Scaling Agile – it’s not the same problem

I was prompted by Al Shalloway’s (@alshalloway) brief tweet this week combined with a long train journey to write this blog post.

That is exactly one of the key ideas in Nassim Nicholas Taleb’s (@nntaleb) Antifragile. The kinds of problem you get at scale are not the same kinds of problems you deal with in small numbers. To quote Nassim Taleb:

“A city is not a large village, a corporation is not a larger small business”.

Likewise a single Agile team does not behave the same way that a project team made up from several Agile teams does. The method and style of communication changes, as does the kind of risks and issues we deal with. It’s a transformation into something new, not a simple multiplication.

Why scale breeds complexity

If interactions grew linearly with the system size, then scale wouldn’t be such a problem. Each time you add new member to the system, the complexity (C) increases by one since you only add one more possible relationship as visualized below:

linear growth

Unfortunately as real systems grow in scale, their complexity grows exponentially because each component influences or interacts (directly or indirectly) with many others. That is, each member you add to the system adds exponentially more relationships or interactions. It’s an old idea that is surprisingly often neglected by those that design systems. You can visualize how the number of possible interactions grows as we add one more circle to each diagram below:

geometric growth

Complexity is a property of the behavior of the system, not the structure of it. That is, it’s not the number of components that makes it complex, but how they interact – as visualized by the number of lines in the diagrams above.

watchConversely we may have systems that have a complicated structure, but yield simple behavior. For example, a mechanical pocket watch has a complicated structure but very simple and (thankfully) predictable behavior.

So it’s complexity resulting from interactions and behaviors we have to be concerned about. This is why we see different types of problems at different levels of scale.

Aside: scale up and down

In order to be considered “scalable” the transformation must be two-way. I have seen software systems, for example, that are designed to “scale” but can’t run on modest hardware. That is not scaling, that is just big and bulky.
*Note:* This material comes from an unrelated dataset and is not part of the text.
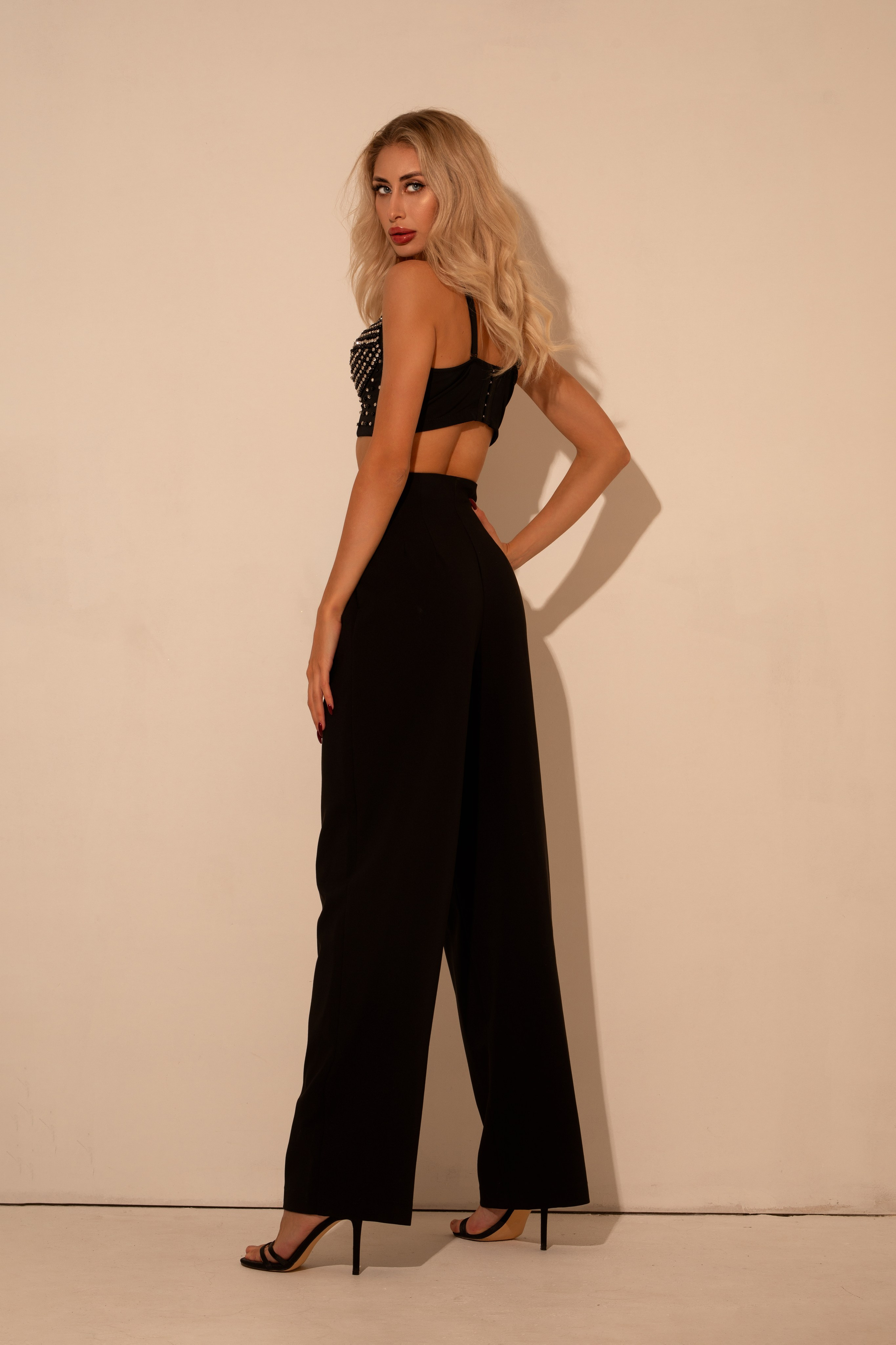 Студийная съемка с Яной на циклораме в формате для «себя»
Somehow we forget that scaling is not the same as simple expansion. To me a good scaling implementation is a dynamic one, that can scale both up and down. If you can only go one way, it’s not “scaling”.

So that’s the problem: the behavior of a small group is different than that of a large group, which is again different from that of a group of groups… and the effect shows up sooner than you might think because of the number of new communication paths.

The oft-cited Dunbar’s number says that people can have some sort of social relationship (but not necessarily a deep relationship) with up to around maximum 150 (or so) people, but we see behavior changes way sooner than that. The upper bound of a Scrum team (9 people) is based on experience and seems to be re-affirmed time and again. Beyond that people see themselves as part of a mass, not a team. In my organizations I never had a manager with more than 10-12 direct reports.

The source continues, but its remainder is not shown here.